Exercise directions
Set down, character for character, everything in the records below from the line holding "12V 6AWG Battery" down to the line holding "Bunnpris SØRLANDSCHIPS JALAPENO/CREAME", and no other line.

Record set
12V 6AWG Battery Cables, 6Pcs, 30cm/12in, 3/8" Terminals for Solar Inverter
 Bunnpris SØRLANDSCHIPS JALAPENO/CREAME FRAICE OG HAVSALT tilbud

...

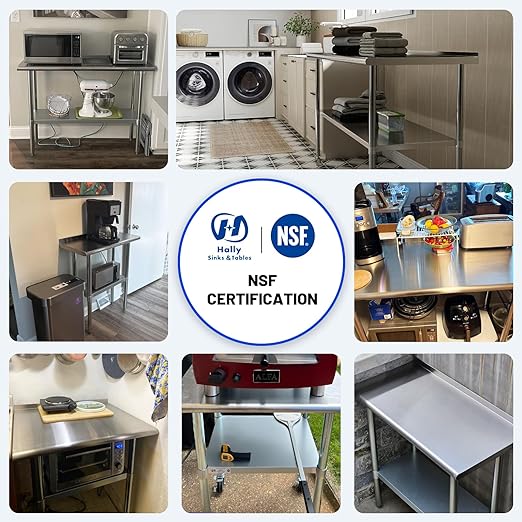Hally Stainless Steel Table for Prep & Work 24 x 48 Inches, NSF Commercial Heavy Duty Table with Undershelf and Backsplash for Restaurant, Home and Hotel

Answer to the problem
12V 6AWG Battery Cables, 6Pcs, 30cm/12in, 3/8" Terminals for Solar Inverter
 Bunnpris SØRLANDSCHIPS JALAPENO/CREAME FRAICE OG HAVSALT tilbud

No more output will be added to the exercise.